Source material ▸
══════════
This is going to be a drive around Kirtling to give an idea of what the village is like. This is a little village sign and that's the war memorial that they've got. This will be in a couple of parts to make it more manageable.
══════════
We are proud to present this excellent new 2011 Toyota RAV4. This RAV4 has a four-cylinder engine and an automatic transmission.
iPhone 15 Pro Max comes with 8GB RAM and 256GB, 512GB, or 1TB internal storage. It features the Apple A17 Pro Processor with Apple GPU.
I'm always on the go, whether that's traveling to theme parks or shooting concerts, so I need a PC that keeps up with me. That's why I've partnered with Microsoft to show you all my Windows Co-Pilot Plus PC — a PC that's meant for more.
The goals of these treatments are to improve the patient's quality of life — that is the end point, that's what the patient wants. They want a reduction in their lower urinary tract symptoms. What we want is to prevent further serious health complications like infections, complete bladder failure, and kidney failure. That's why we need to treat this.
══════════
What the task requires ▸ Starting at the line that contains "iPhone 15 Pro" and stopping after the line that contains "The goals of", write out every line exactly as it appears above, and no other line.

Response below ▸
iPhone 15 Pro Max comes with 8GB RAM and 256GB, 512GB, or 1TB internal storage. It features the Apple A17 Pro Processor with Apple GPU.
I'm always on the go, whether that's traveling to theme parks or shooting concerts, so I need a PC that keeps up with me. That's why I've partnered with Microsoft to show you all my Windows Co-Pilot Plus PC — a PC that's meant for more.
The goals of these treatments are to improve the patient's quality of life — that is the end point, that's what the patient wants. They want a reduction in their lower urinary tract symptoms. What we want is to prevent further serious health complications like infections, complete bladder failure, and kidney failure. That's why we need to treat this.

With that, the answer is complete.